Large Trees are Critical for Conserving Woodpecker Abundance and Diversity in Sub-Himalayan Forests

Study: Habitat determinants of woodpecker abundance and species richness in sub-Himalayan dipterocarp forests of northwest India.

Authors: Raman Kumar, Ghazala Shahabuddin & Ajith Kumar Journal: Acta Ornithologica 49: 243-256. Published 2014.

Summary

Birds are highly sensitive to changes in habitat caused by human activity. Habitat change may be manifested in the structural elements of habitat (such as density and size of both live and dead trees), or its composition (i.e. tree species profile), which may translate into alteration in quality and quantity of resources available for birds.

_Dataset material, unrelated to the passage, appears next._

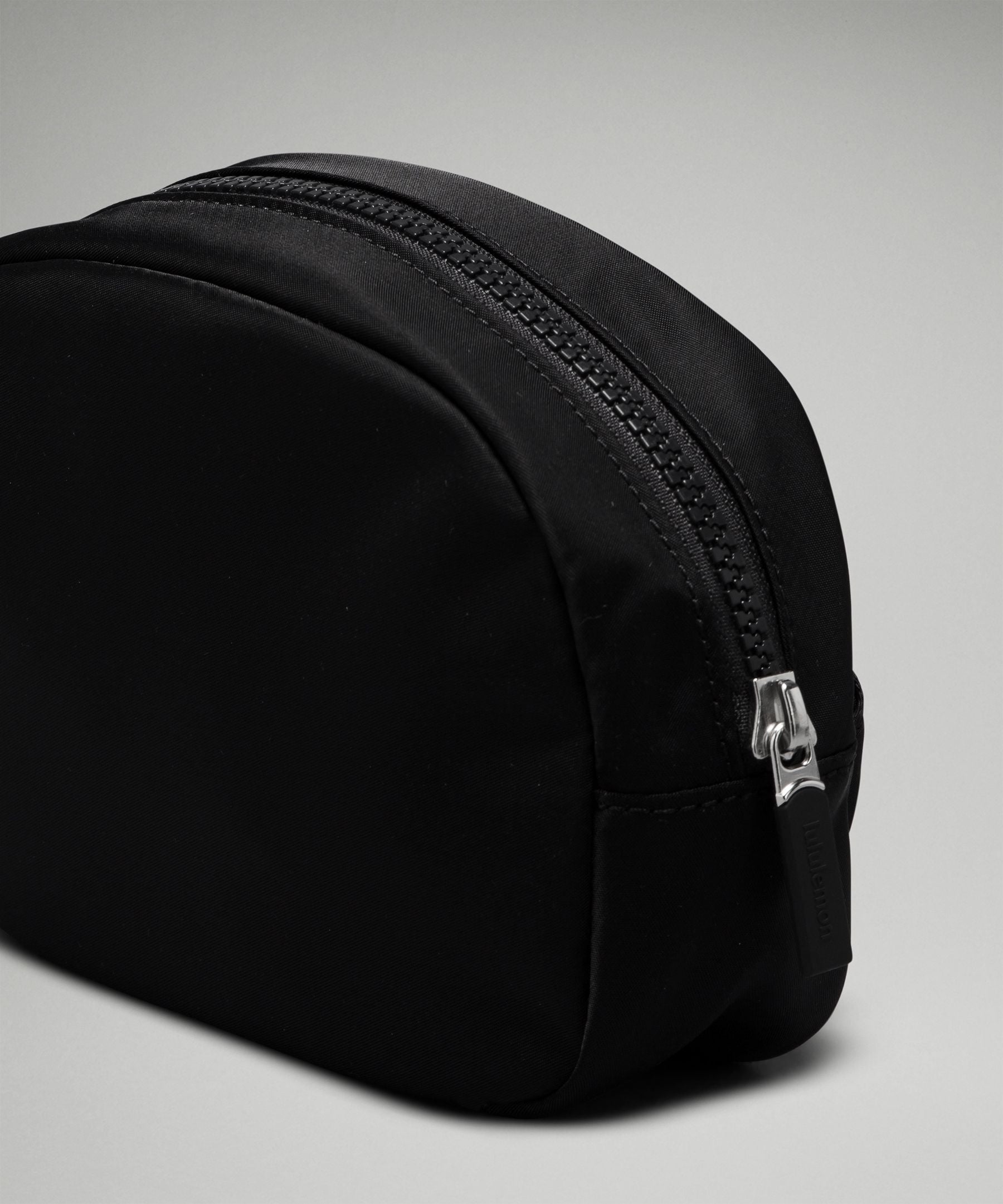 Lululemon City Essentials Pouch *Mini 2L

Among birds woodpeckers form an important group for conservation, mainly because they create tree cavities that are crucial for the survival of a variety of other organisms. Woodpeckers tend to have very specific habitat requirements, such as abundance of large trees and trees with decay. Being strongly dependent on wooded areas, woodpeckers are particularly sensitive to forest degradation and modification by forestry operations that alter the structure and composition of the natural habitat. Woodpeckers are also important targets for conservation as several large or specialized species are facing population declines, and some have even become critically endangered or possibly extinct.

The tropical and subtropical forests of Asia support a great diversity of woodpeckers. However, not much is known about the ecology of woodpeckers in these regions. With a rich assemblage of 17 woodpecker species, the sub-Himalayan sal forests of northwest India is one such region. These forests have been structurally and compositionally altered through a long history of forest management.

In one of the first ever detailed studies on woodpeckers in this region – the Corbett-Ramnagar landscape in Uttarakhand state – we had found that unmanaged sal forests support a much higher abundance and richness of woodpeckers compared to managed forests, particularly teak plantations. The present study explored this further wherein we attempted to identify the specific habitat features that influence overall abundance, species richness, and community composition of woodpeckers in the sal forest landscape.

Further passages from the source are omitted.